Provide work-related exercises and appropriate job aids
Throughout your course, you should make every effort to help learners
draw upon what they already know and connect what they are learning to what
they need to do on the job. The design of your course should include
activities and exercises to promote the transfer of learning. Here are some
ways to facilitate this process during your course:
- Design activities that engage
learners as participants and tap their existing knowledge and skills.
- Include realistic exercises that
address the challenges being faced by the learners at their work sites.
Consider brainstorming with the participants early in the course to focus on
problems at their facilities and then use those problems as the basis for
activities throughout the course.
- Schedule learning topics in
short
segments integrated with practice exercises and activities.
- Provide frequent opportunities
for learners to reflect on what they are learning and plan how they will use
their new knowledge and skills on the job. Give them a notebook to use as a
learning journal. Periodically ask the learners specific questions to answer
in their journals about how they will apply their new knowledge and skills,
what challenges they may face and how they will overcome those challenges.
Suggest that learners keep track of problems and questions they need to
resolve and resources they will need to put new skills into practice. Remind
learners to refer to their written reflections as they refine their action
plans.
- Provide opportunities for
learners to support each other by giving each other feedback and discussing
how they will use their new knowledge and skills.
- Help learners identify or
develop job aids they can use to promote the transfer of learning (e.g., a
poster describing correct hand washing technique to hang on the wall near
the sink). Have learners practice using job aids in situations similar to
those
on the job.
Give immediate and
clear feedback
Most workers have a strong need and desire to know how they are doing on
the job. Supervisors and trainers are encouraged to provide immediate,
individualized, and clear feedback in order to reinforce learners’ desired
behaviors.
There are numerous opportunities during a course for you to provide
feedback to learners:
- during presentations and
small-group activities when all learners can benefit from the shared
feedback
- individually during skill
practice sessions or while marking knowledge tests
- during breaks when you can
approach learners or encourage them to approach you
- during clinical training when
learners are working with clients (though this may be a more challenging
opportunity).
Use a variety of techniques to help ensure that feedback is timely and
meaningful, including:
- verbal feedback, such as
positive behavior reinforcement or constructive correction
- nonverbal feedback, such as
smiling and nodding during presentations.
Help learners develop
realistic action plans
Supervisors and learners are encouraged to capture training expectations
by developing preliminary action plans prior to beginning a course. With
guidance from trainers, learners develop a more complete action plan during
the course. As a trainer, you are in a unique position to help learners
decide which skills they need more practice with and how best to structure
their practice after the course. If a learner’s preliminary plan was not a
formal written plan, you can provide an action plan format that will help
the learner formalize a plan.

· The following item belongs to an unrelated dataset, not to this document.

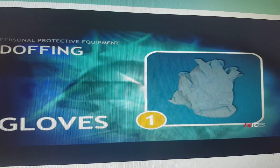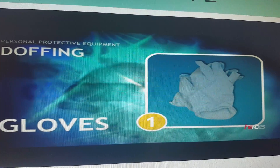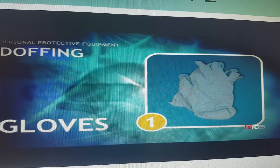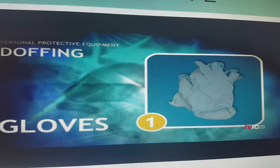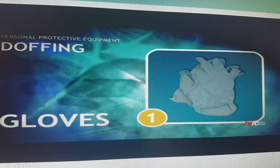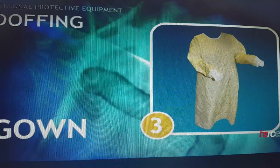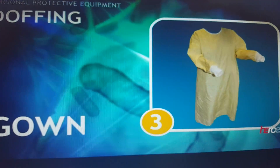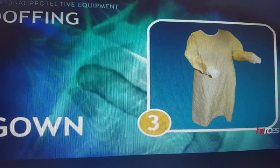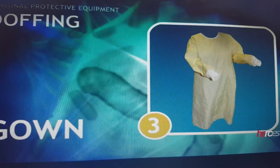How to remove the PPE: the gloves are the most contaminated, so you remove them first. Remove the first glove, then insert your finger inside the other glove from the inside to remove it. Do not touch the outside surfaces because they are dirty. Then remove the eye protection — the eye goggles. Then remove the gown, avoiding touching the outside surfaces; your hand goes from the inner side to the outer side. Discard in the yellow waste bin.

See the Introduction for information about
action plans.
Conduct training evaluations
Each training course should have an evaluation component. During a course
you may administer several types of evaluations including:
- pre-course knowledge and skills
assessments to determine whether learners have the prerequisite knowledge
and skills
- interim knowledge and skills
assessments to measure learners’ progress
- post-course knowledge and skills
assessments to determine whether learners have achieved the course
objectives and are performing to course standards
- course evaluations to give
learners an opportunity to provide feedback on how well the course was
conducted, whether the course materials were appropriate, and how well the
course content met their performance needs.
Skills assessments or evaluations are typically based on performing a
skill to a standard as detailed in a performance checklist. After training,
these checklists can be used on the job in a number of different ways. For
example:
- learners can use them as a job
aid when applying the skill
- supervisors can use them to
coach learners as they practice a new skill
- trainers can use them during
follow-up visits to observe and provide feedback to learners.
When used over time, checklists can be helpful in tracking changes in
performance from one observation point to the next.